A curatela pode ser revertida? Por exemplo, se um idoso se recupera de uma enfermidade?
 
Juíza Maria Aglaé: Pode haver reversão da curatela em função da avaliação biopsicossocial realizada por equipe multiprofissional e interdisciplinar que levará em consideração os impedimentos nas funções e nas estruturas do corpo; os fatores socioambientais, psicológicos e pessoais; a limitação no desempenho de atividades; e a restrição de participação. Cada caso será analisado individualmente e revisado quantas vezes forem necessárias, sob a fiscalização do Ministério Público.
 
Entre os magistrados há preocupação em relação ao aumento desse tipo de pedido com o progressivo envelhecimento da população?
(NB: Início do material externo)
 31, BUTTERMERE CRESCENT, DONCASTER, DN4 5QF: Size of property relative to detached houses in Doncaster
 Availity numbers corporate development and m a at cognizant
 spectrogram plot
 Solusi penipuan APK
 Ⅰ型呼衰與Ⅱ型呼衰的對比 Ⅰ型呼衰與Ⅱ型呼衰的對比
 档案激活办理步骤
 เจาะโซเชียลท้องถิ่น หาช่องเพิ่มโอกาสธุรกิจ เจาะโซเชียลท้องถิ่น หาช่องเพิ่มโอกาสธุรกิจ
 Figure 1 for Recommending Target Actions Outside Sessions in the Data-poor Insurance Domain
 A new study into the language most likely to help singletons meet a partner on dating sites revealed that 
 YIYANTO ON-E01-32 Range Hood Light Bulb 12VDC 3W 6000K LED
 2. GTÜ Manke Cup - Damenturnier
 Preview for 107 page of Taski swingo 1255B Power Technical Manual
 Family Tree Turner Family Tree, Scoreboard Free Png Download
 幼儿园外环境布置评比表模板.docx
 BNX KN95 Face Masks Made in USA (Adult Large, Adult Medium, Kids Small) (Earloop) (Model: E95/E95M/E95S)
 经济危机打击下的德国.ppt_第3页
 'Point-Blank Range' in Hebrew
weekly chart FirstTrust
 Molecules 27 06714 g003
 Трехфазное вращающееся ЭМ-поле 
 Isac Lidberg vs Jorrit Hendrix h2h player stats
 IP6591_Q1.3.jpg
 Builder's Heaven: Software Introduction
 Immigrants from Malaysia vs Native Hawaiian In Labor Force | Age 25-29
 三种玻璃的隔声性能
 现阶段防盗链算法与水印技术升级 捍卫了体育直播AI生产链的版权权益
Há consenso entre os juízes de que os mecanismos existentes são suficientes para dar voz ao idoso?
 
Juíza Maria Aglaé: Ainda vigora um pensamento antigo de que as pessoas podem ser consideradas absolutamente incapazes. Temos que mudar nosso paradigma e olhar a pessoa idosa em suas habilidades e funcionalidades. Talvez ela não tenha uma plena funcionalidade cognitiva, mas pode entender questões que lhe dizem respeito diretamente para manifestar sua vontade. A visão de uma pessoa mais velha por vezes não se coaduna com a visão dos jovens, não significando que por isso deva ser desconsiderada, e sim avaliada como sendo adequada ou não para uma pessoa que viveu muito. A lei cuida, por diversas normas, para a proteção do patrimônio. Cabe ao curador procurar fazer valer a autonomia individual. Para isso está nomeado, para proteger o curatelado. A nova lei prevê um instituto muito útil chamado Tomada de Decisão Apoiada, com o qual a pessoa com deficiência escolhe dois apoiadores, pessoas de sua confiança, para tomada de decisão sobre atos da vida civil. O processo também é judicial, por enquanto a lei não permite que seja extrajudicial, mas confere nova forma de respeitar a autonomia das pessoas que tenham algum comprometimento.